* _COLLECTED MATERIAL_:
§

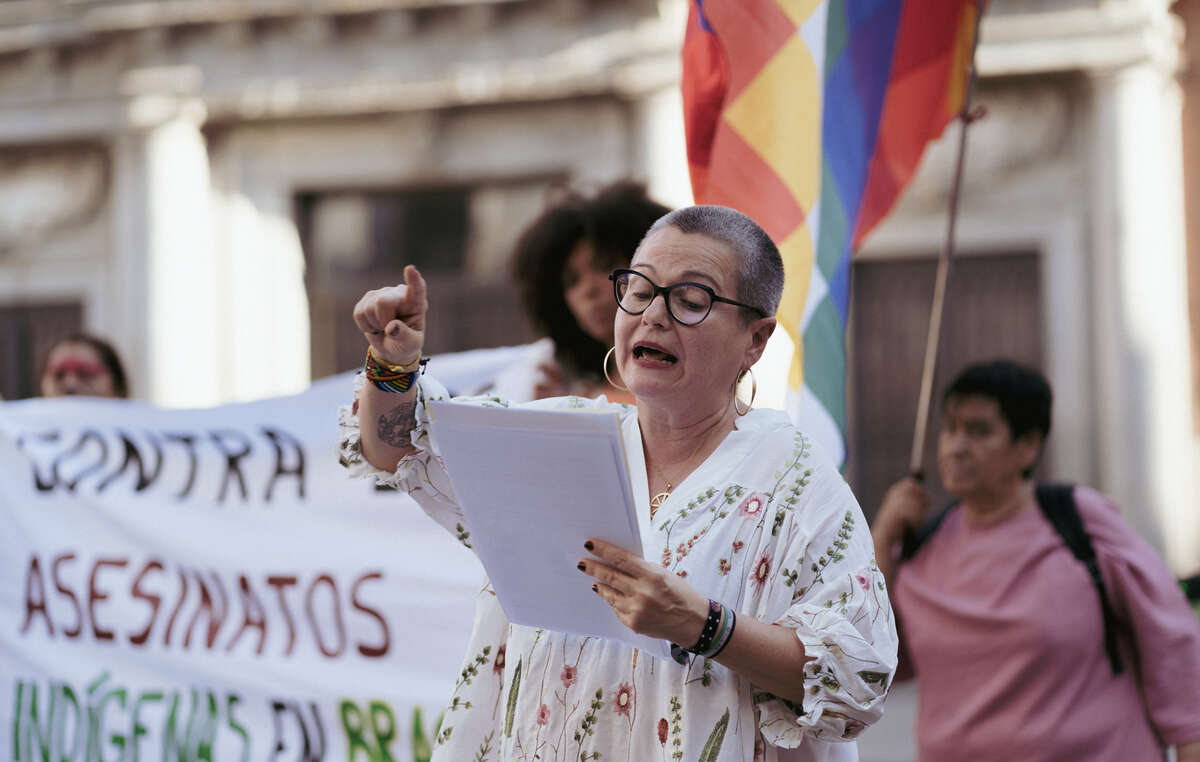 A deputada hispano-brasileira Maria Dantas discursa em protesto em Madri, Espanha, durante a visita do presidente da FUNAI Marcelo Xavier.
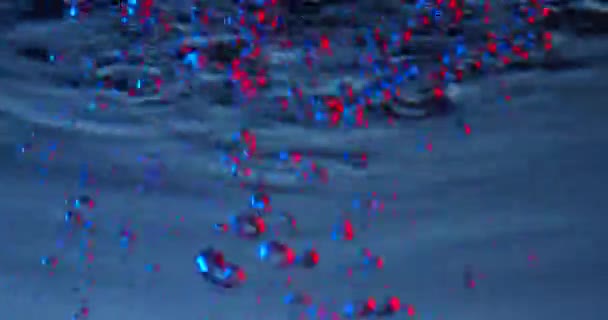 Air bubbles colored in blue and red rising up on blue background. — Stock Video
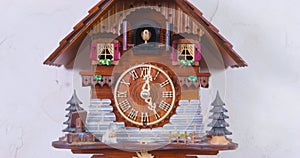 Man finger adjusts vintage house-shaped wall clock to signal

§

* _WHAT IS REQUIRED_: Counting the line with "Air bubbles colored" and the last line of the data above, transcribe those two lines and every line between them exactly, without the pictures.

* _REPLY_:
 Air bubbles colored in blue and red rising up on blue background. — Stock Video
 Man finger adjusts vintage house-shaped wall clock to signal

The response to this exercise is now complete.